__TASK TO COMPLETE__:
Under this line is some data; print exactly the lines from the one containing "Silhouette of a" through its last line, without pictures.

__ENTRIES SUPPLIED__:
══════

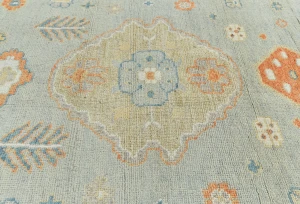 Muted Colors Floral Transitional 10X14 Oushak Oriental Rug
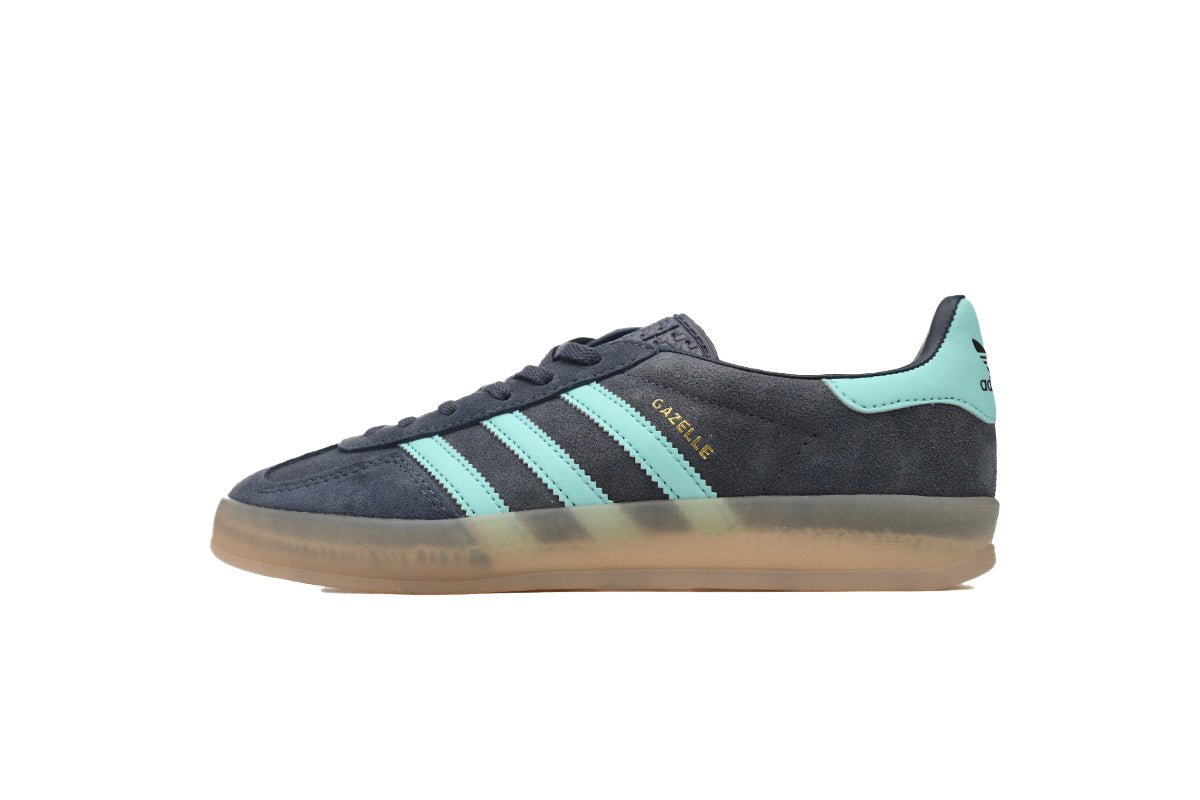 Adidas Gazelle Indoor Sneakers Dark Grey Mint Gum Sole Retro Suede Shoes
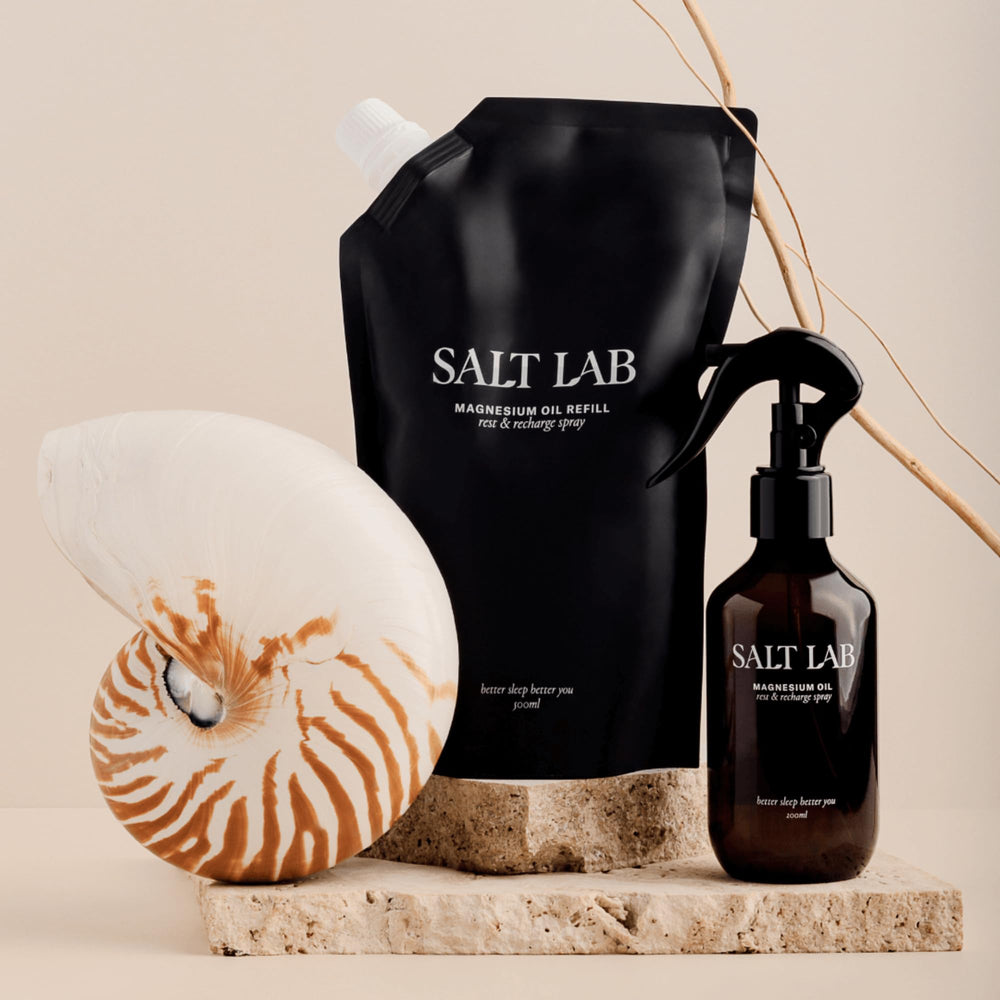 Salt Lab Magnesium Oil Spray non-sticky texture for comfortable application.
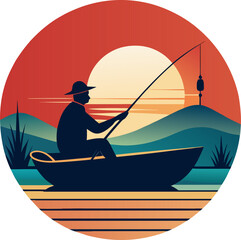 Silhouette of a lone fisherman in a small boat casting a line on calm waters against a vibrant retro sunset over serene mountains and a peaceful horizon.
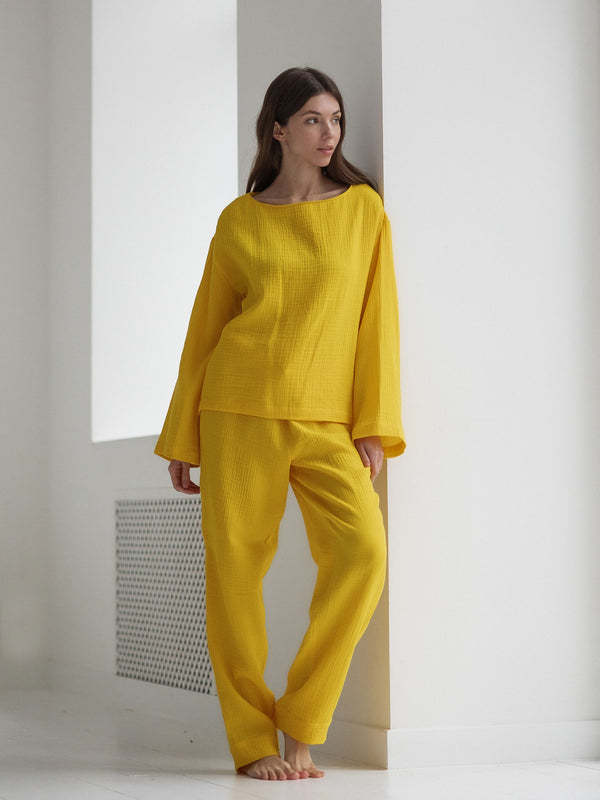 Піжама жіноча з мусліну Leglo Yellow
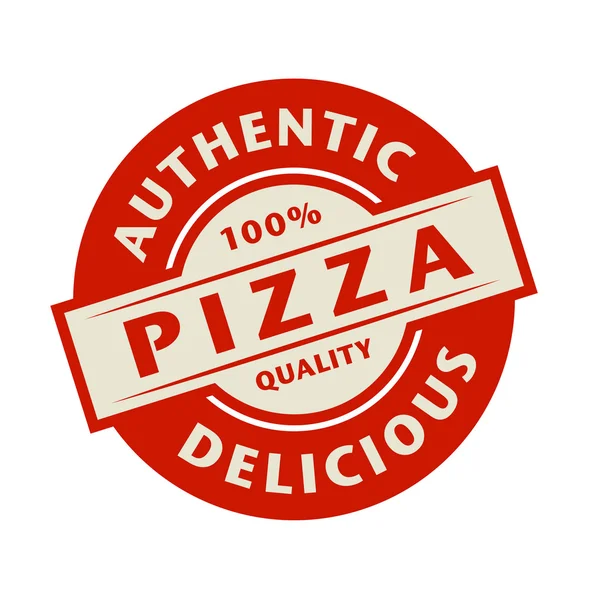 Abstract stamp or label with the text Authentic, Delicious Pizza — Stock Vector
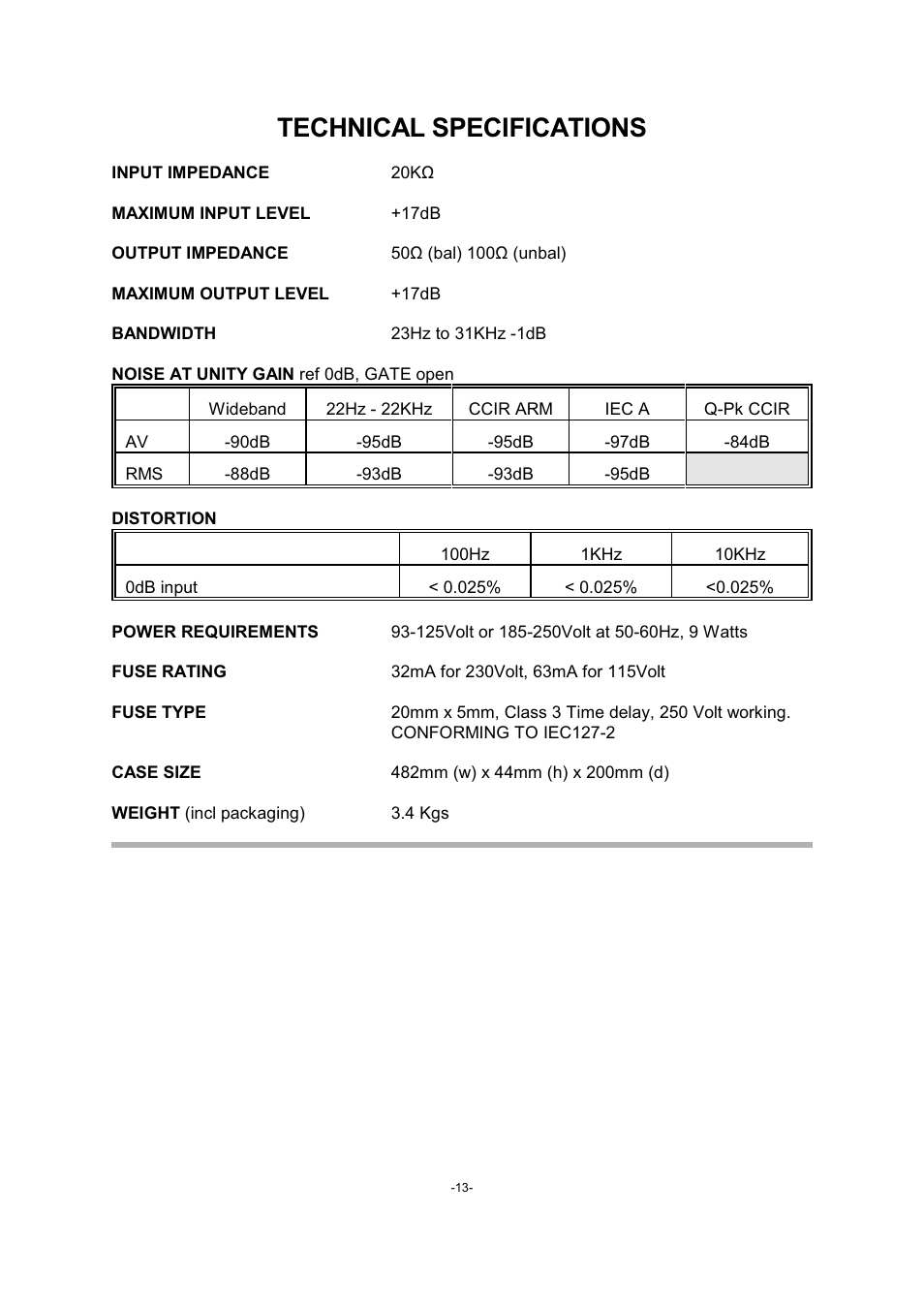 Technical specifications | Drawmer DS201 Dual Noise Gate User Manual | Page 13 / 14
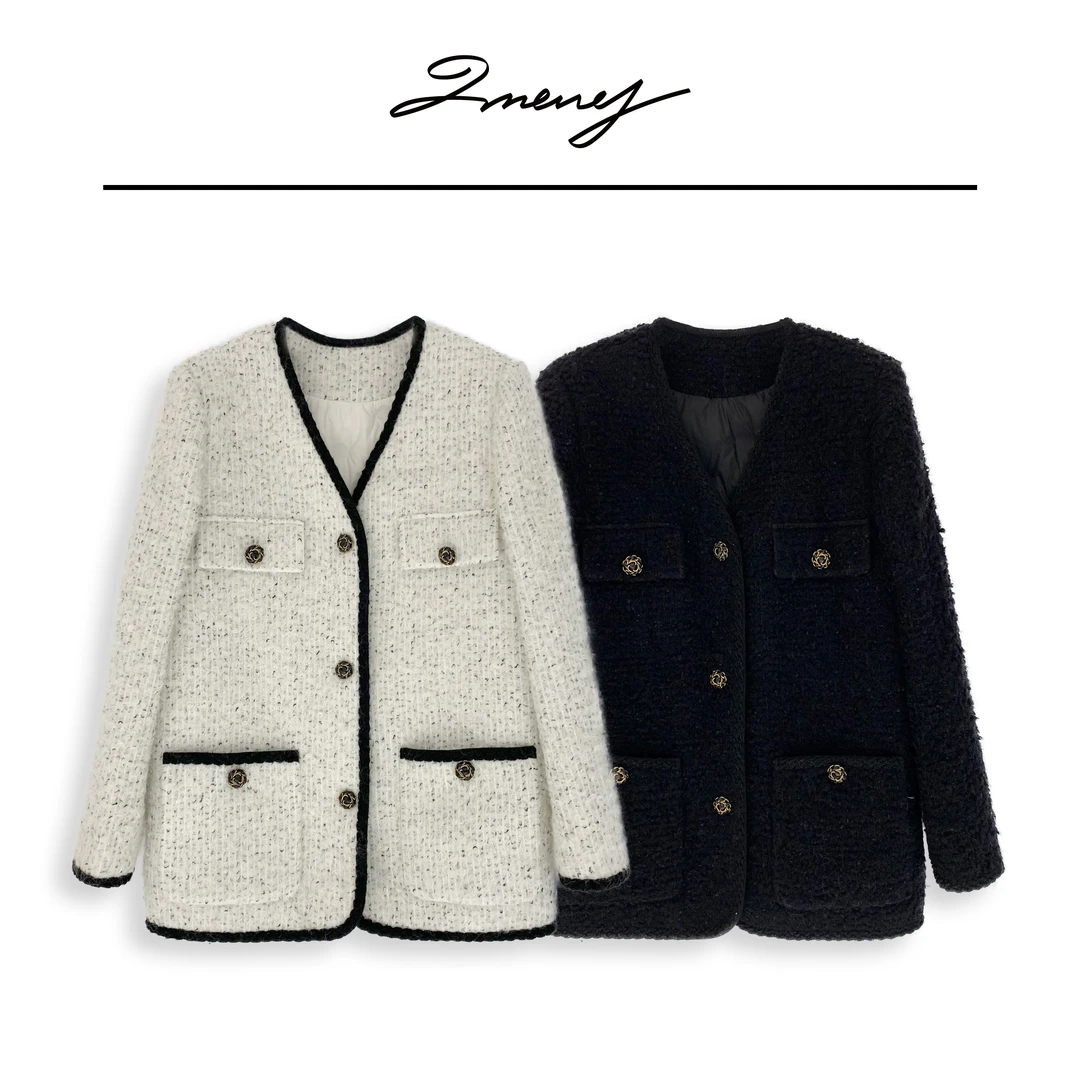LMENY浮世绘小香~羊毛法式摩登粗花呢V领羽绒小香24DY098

══════

__ANSWER BELOW__:
 Silhouette of a lone fisherman in a small boat casting a line on calm waters against a vibrant retro sunset over serene mountains and a peaceful horizon.
 Піжама жіноча з мусліну Leglo Yellow
 Abstract stamp or label with the text Authentic, Delicious Pizza — Stock Vector
 Technical specifications | Drawmer DS201 Dual Noise Gate User Manual | Page 13 / 14
LMENY浮世绘小香~羊毛法式摩登粗花呢V领羽绒小香24DY098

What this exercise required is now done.